FAU PH.D. Project to Create First Online Comanche Dictionary
Friday, Aug 16, 2019
Florida Atlantic University Ph.D. student Kathryn Pewenofkit Bridwell-Briner spent a week at the Smithsonian in Washington, D.C. in August as part of the Smithsonian’s “Recovering Voices Community Research Program.” Bridwell-Briner led a seven-person team to work with written and recorded Comanche materials in the Smithsonian’s National Anthropological Archives. The team, which included five Comanche tribal citizens/descendants and FAU professors Michael Hamilton, Ph.D. and Viktor Kharlamov, Ph.D., gathered archival materials in order to fill in lexical gaps in Comanche vocabulary, grammatical content, and to increase phonological understanding. They looked at records dating back to the 1840s in order to trace the way the Comanche language has changed and grown. This work was part of Bridwell-Briner’s doctorate which focuses on creating the first online Comanche dictionary and learning tool.

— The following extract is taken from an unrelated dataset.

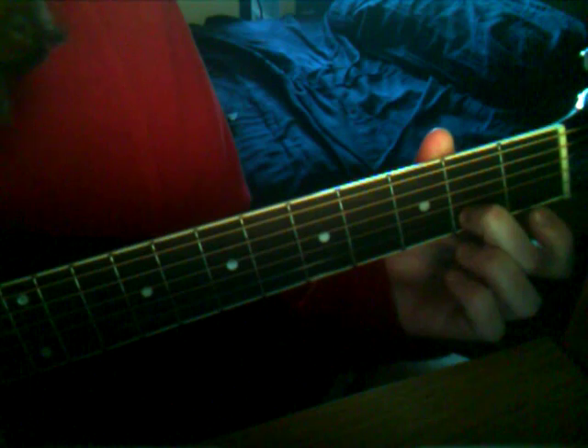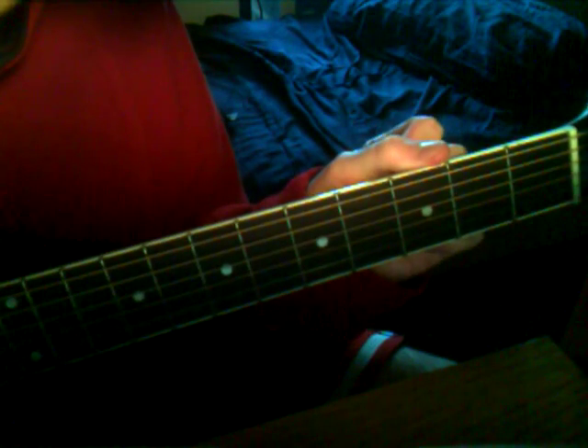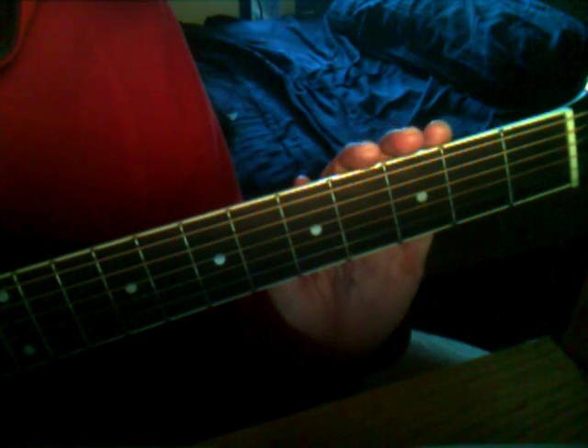Then the 2nd fret of the B-string — hit that once. Then the 2nd fret of the G-string — hit that once. Hit the open B-string once, and then to finish it off, hit the open thin E-string once.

Most of the few Comanche who can speak the language are elderly and currently there is no complete online resource for the language. Bridwell-Briner has been working with Comanche speakers over the last several years and has been awarded grants for her language work from the American Philosophical Society, the Endangered Language Fund’s Native Voices Endowment, and the Dorothy F. Schmidt College of Arts and Letters at FAU.
The Smithsonian’s Recovering Voices program is supporting Bridwell-Briner with a grant for her research. The program is a collaborative initiative of the National Museum of Natural History, the National Museum of the American Indian, and the Center for Folklife and Cultural Heritage that supports interdisciplinary research, documentation and revitalization.